How could Mr. Freeman possibly have had such material to work with? At the end of the party, we are told that what has been described is actually a satire by Lucian of Samosata. In short, we have been tricked and enlivened by the notion that ideas could matter so much, that they could be viscerally experienced and could thrive over centuries after the Romans conquered the Greeks. We learn, as well, that certain ideas are attached to certain kinds of personalities. 

As a strategy to engage readers, the trick is successful as a jump start, so to speak, on a survey of what happened to Greek thought as it first encountered resistance from Romans and then Christians, who nonetheless realized they could not do without the Greeks.

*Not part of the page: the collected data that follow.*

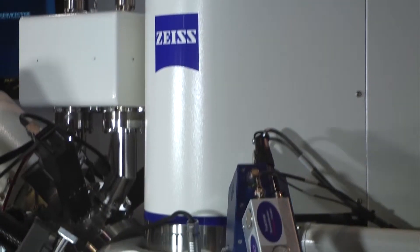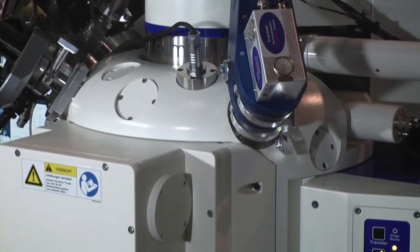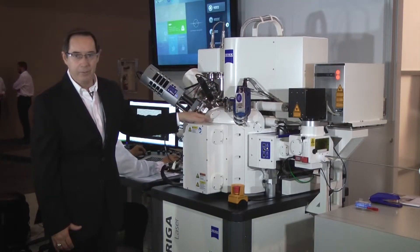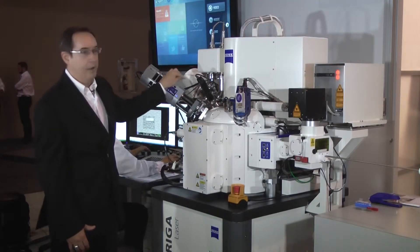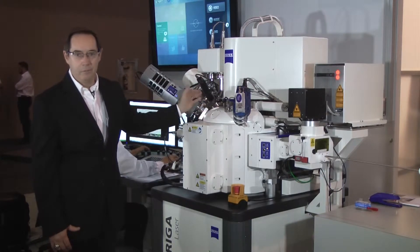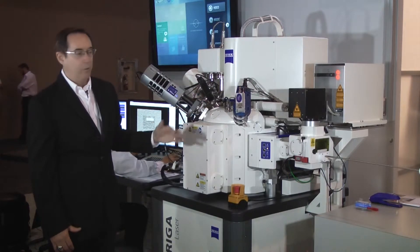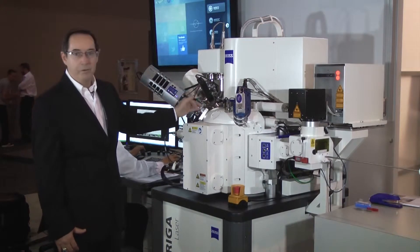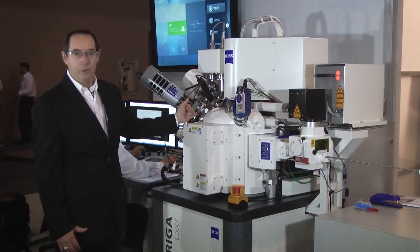This large chamber here is where our specimens go. What we're able to do with this FIB-SEM is to image these samples with the SEM and modify them with the focused ion beam. Now what we've found after having this for more than 10 years is we want to modify or remove larger amounts of material.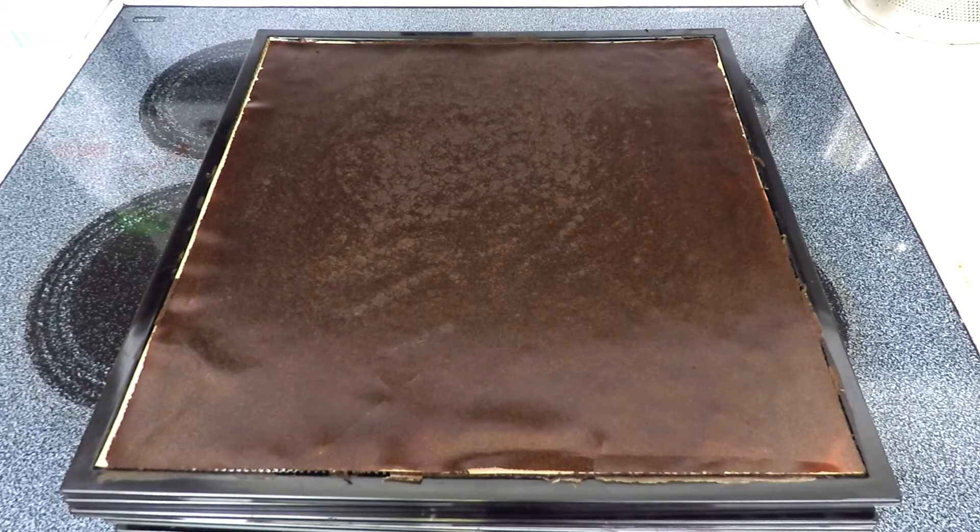Out of the dehydrator, the only thing left to do is to cut it into your desired portions, put it into your storage container, and you're ready to bring it on the trail or anywhere you'd like to enjoy these delicious snacks. These fruit roll-ups will remain shelf-stable for quite some time, but if I'm not planning on using them for a while, I'll keep them in the freezer for good measure and then take them out when I'm ready to go on the trail.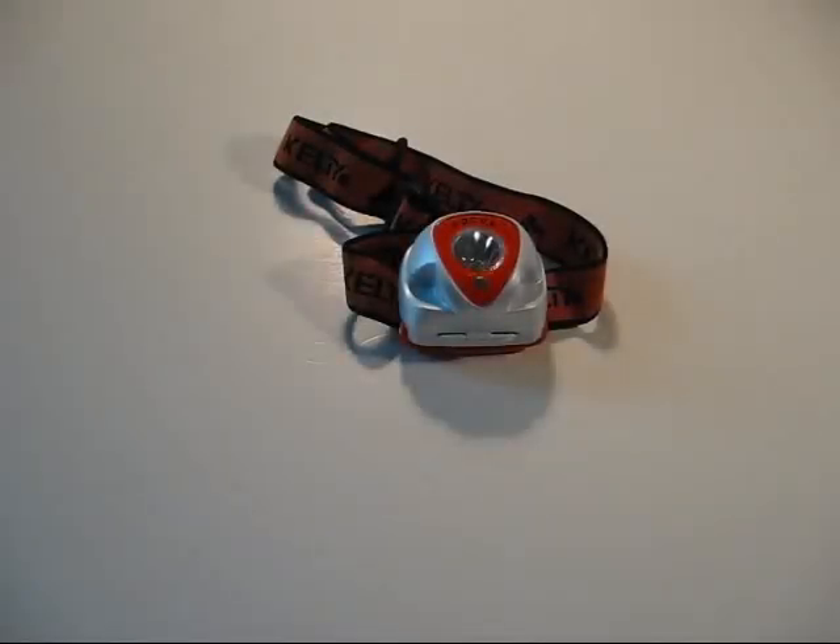Hey everybody, this is Delta for Paw Productions. I'm going to do a quick gear review of the Kelty Focus LED headlamp. I found this on sale about three months ago at Target on clearance for about six bucks. My little girl likes to have headlamps on when we camp, so I figured why not get her something like this. It's a little bulky, but it would be good for a first-time bug-out bag, get home bag, or truck kit.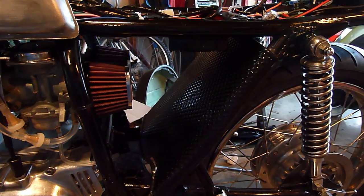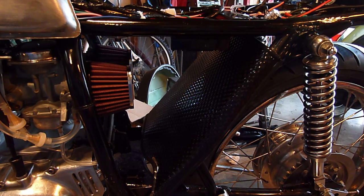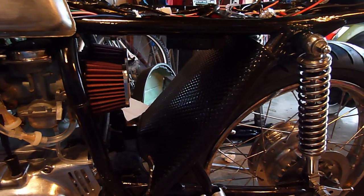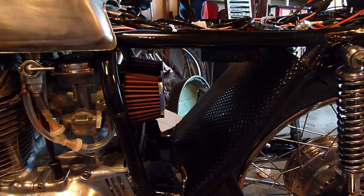Anyway, it appears in general that the electronic ignition from Viet works fine. I guess this is how you build a bike — you've got to start slow and just keep working on it.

As good as this opening gambit is, “The Children of Athena” never quite sustains the momentum of its beginning, so that it sometimes degenerates into a conventional blow-by-blow discussion of Greek thought and the personalities who embodied it. Some of the short biographies — of Plutarch, say — in addition to being informative are moving, as we see how his humane sensibility and training in philosophy shaped his moral and historical writing.

The most fascinating and thought-provoking sections have to do with a Christian theologian, Origen, who was profoundly influenced by Greek thought and averse to dwelling on concepts such as the eternal damnation of sinners. As the Christian Church consolidated itself during Roman rule and established its orthodoxy, Origen came under attack as heretical.

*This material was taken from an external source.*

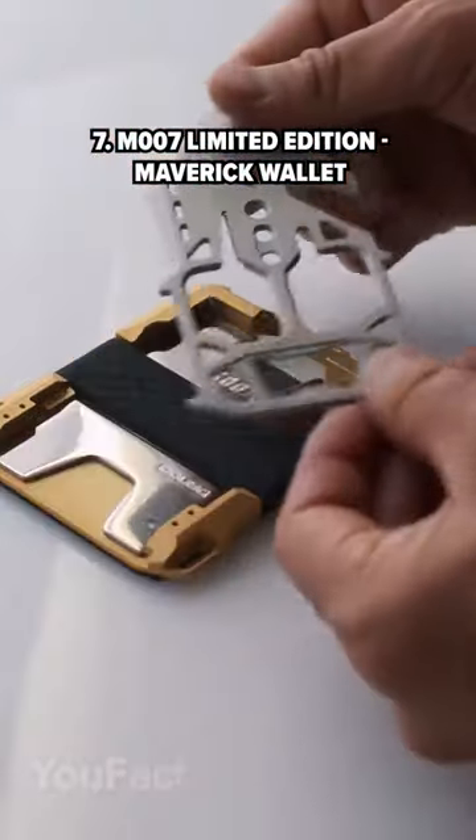This wallet boasts a multi-tool inside that includes a chisel, a screwdriver, a hex wrench, a rope tensioner, and a nail prier.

Mr. Freeman is at pains to show Origen is superior to the more well-known St. Augustine, who could not read much Greek and so, it is implied, could not quite attain the depth of thought that exemplifies Origen’s work. What Mr. Freeman does not contemplate, though, is why that should be so. What is it about Origen that he has failed to attract the kind of attention devoted to Augustine? It is not enough to say that as institutional Christianity took hold, Origen had to be expunged.

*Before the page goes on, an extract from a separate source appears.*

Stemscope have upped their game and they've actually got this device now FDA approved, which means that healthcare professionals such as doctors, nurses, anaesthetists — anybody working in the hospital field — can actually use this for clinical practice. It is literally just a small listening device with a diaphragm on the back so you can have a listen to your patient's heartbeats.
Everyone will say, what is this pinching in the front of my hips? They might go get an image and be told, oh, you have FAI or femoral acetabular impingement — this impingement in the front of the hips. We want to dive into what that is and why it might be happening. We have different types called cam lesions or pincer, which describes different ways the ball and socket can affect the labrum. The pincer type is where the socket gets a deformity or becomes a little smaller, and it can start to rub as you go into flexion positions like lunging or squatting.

Isn’t the answer that Augustine wrote a compelling autobiography, presenting himself as a sinner, as, at first, an opponent of Christian doctrine, as a womanizer and mama’s boy? The story of Augustine and his mother, Monica — one that Rebeca West, for instance, makes so palpable — is surely among the reasons why Augustine, the man and thinker, remains so powerfully present to this day.

In short, it seems to me that Mr. Freeman is not biographical enough. He is too keen to get on with his survey of Polybius, Strabo, Epictetus, Galen, and other great Greek thinkers who are not as famous.

In Mr. Freeman’s haste to get on with it, he takes certain shortcuts often favored by biographers but that are nonetheless nugatory. Too often he says a thinker “must have” felt a certain way, though no evidence is provided to compel our assent to the “must have,” except for the circumstances described. Yet how people react to circumstances can be surprising, and that is what is left out: What we cannot know and is better left off as knowledge we wish we did possess.

One other overarching result of Mr. Freeman’s book has left me to wonder about the persistence of Greek thought. The first Roman conquerers resisted that thought and sneered at the Greeks. The first Christians similarly saw their new dispensation as superseding the Greek philosophy. Yet over and over again, the Greeks resume their supremacy of thought, unconquered in the imagination of their successors, even if the Greeks no longer could field legions of triumphant soldiers.

In other words, Plato and Aristotle and the dramatists of Greece’s golden age were powerful not only in their own right, but in the longevity of their influence — one that infiltrates, it seems, every aspect of world history and thought. In the end, that insight into Greek hegemony is the lasting contribution of Mr. Freeman’s book.

Mr. Rollyson is the author of “Rebecca West: A Modern Sibyl” and “Essays in Biography.”